昨夜池袋の新文芸座でおこなわれた沖浦啓之と観る「人狼 JIN-ROH」にいってきた。

沖浦啓之と観る「人狼 JIN-ROH」に行ってきた

内容は2部構成で、まず人狼が上映されて、次に沖浦啓之の対談形式のトークショウだった。
266席に対して半分くらい、100人程度と思ったよりも客が入っていた。男女比7:3くらいだった。
トークショウで今日が初見の人、という質問に対して約1/3が手をあげていて驚いた。しかしこれはむしろ喜ばしいことだろう。
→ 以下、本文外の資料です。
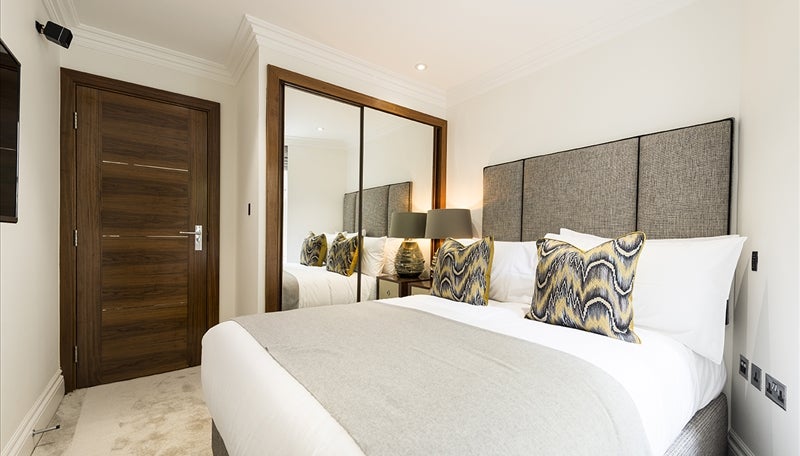 Flat Kensington Gardens Square in City of Westminster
10年以上前の作品で今でも少数ながら新しく金をだしてまで見ようと思う客がいるのは。
入場の際、1500円で販売するはずのチケットがぴあの価格設定1700円で売ってしまったために200円を返金していた。

まず上映された人狼 JIN-ROHだが絵コンテつきの人狼 JIN-ROH DTS Editionに先日発売された人狼 JIN-ROH 【廉価版】 [Blu-ray]も購入してる身からすれば、今更語ることはない。素晴らしい作品だ。
しかし上映された映像は、デジタルリマスタされてない当時のフィルムなのか映写機に問題があったのかわからないが頻繁にゴミか何かの黒いノイズが走ってた。
もう何度も見てる作品だし、トークショウに金を払った感覚だったから個人的にはいいとして、初見の客が思ったよりもいたことを考えると残念だ。
あと今更だが資料提供に今はなきHUDSON INDUSTRYもあったのね。ジェリコ941今でも大事にしてるよ。

トークショウ

さてトークショウだが、全体的に沖浦啓之のテンションが低かった。もともと押井守や神山健治のように語りたがるタチではないとはいえ、進行の小黒祐一郎の発言に対してほとんど「そうですね」と相づちをうつばかり。互いに沈黙する微妙な間も多かった。
もちろん古い作品だし今更思うところはないのかもしれないが【人狼 JIN-ROH】セル画展トークイベント「沖浦啓之と西尾鉄也」よりも曖昧な発言ばかりだった。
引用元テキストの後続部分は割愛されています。